De acordo com especialistas, a maneira mais eficiente de combater a violência contra crianças é por meio de denúncias e elas podem ser feitas pelo Disque 100. O serviço é uma espécie de “pronto socorro” dos direitos fundamentais porque atende também violações que acabaram de ocorrer ou que ainda estão em curso e aciona os órgãos competentes, com a possibilidade de promover o flagrante. Das denúncias registradas no Disque 100 em 2019, 55% delas envolviam crianças ou adolescentes. Foram 86.837 chamadas deste tipo – 3.194 delas em Santa Catarina. Negligência, violência psicológica, física, sexual, institucional e exploração do trabalho são as principais violações.
Nos meses de março, abril e maio de 2020, o PJSC registrou o ingresso de 585 ações relativas a estupro de vulnerável, o que significa mais de seis por dia, inclusive aos sábados e domingos. Um aumento de 62% em comparação com o mesmo período do ano anterior. O crime é caracterizado quando um adulto tem conjunção carnal ou pratica ato libidinoso com menor de 14 anos.
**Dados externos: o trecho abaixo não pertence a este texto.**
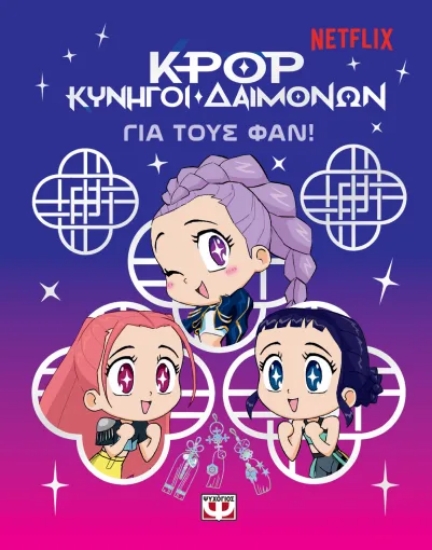 313578-K-Pop Κυνηγοί δαιμόνων: για τους φαν!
Conforme alguns estudos, a estimativa de subnotificação nestes casos é igualmente impressionante: apenas 10% dos delitos sexuais são notificados. Por isso é importante conhecer os caminhos para proteger a vítima e denunciar o agressor. Apesar dos números trágicos, o Brasil tem uma legislação de proteção à infância muito avançada.
A revolução do ECA
Pode parecer estranho, mas antes da entrada em vigor do Estatuto da Criança e do Adolescente (ECA), em 1990, as pessoas com menos de 18 anos no Brasil não eram consideradas “sujeitos com direitos”, mas apenas objeto de medidas judiciais. A legislação anterior, o Código de Menores, não valia para todos, só para aqueles que estavam em “situação irregular” e também não fazia distinção entre os que haviam sofrido alguma violação e os que tinham cometido algum ato infracional. Aliás, a lei não fazia distinção entre crianças e adolescentes – todos eram chamados de “menores”.
O ECA rompe com a Doutrina da Situação Irregular, implementa o princípio da Proteção Integral e traz, para o campo da infância e juventude, os direitos humanos já reconhecidos para os maiores de 18 anos desde 1948. A doutrina da proteção integral é direcionada a todas as crianças e adolescentes e se constitui, segundo a juíza Ana Cristina Borba Alves, da Vara da Infância e Juventude da comarca de São José, “em um programa de ação que assegura, com absoluta prioridade, os direitos individuais e as garantias fundamentais inerentes à criança e ao adolescente, enquanto sujeitos de direito”. Ou seja, cidadãos que merecem proteção especial.
O Estatuto define que crianças e adolescentes têm prioridade absoluta para receber proteção e socorro em quaisquer circunstâncias, no atendimento de serviços públicos, na formulação e na execução de políticas públicas e na destinação de recursos. O Estatuto convoca a família, a sociedade e o Estado para atuarem de forma conjunta na defesa da infância e juventude. O Estatuto criou o Conselho Tutelar.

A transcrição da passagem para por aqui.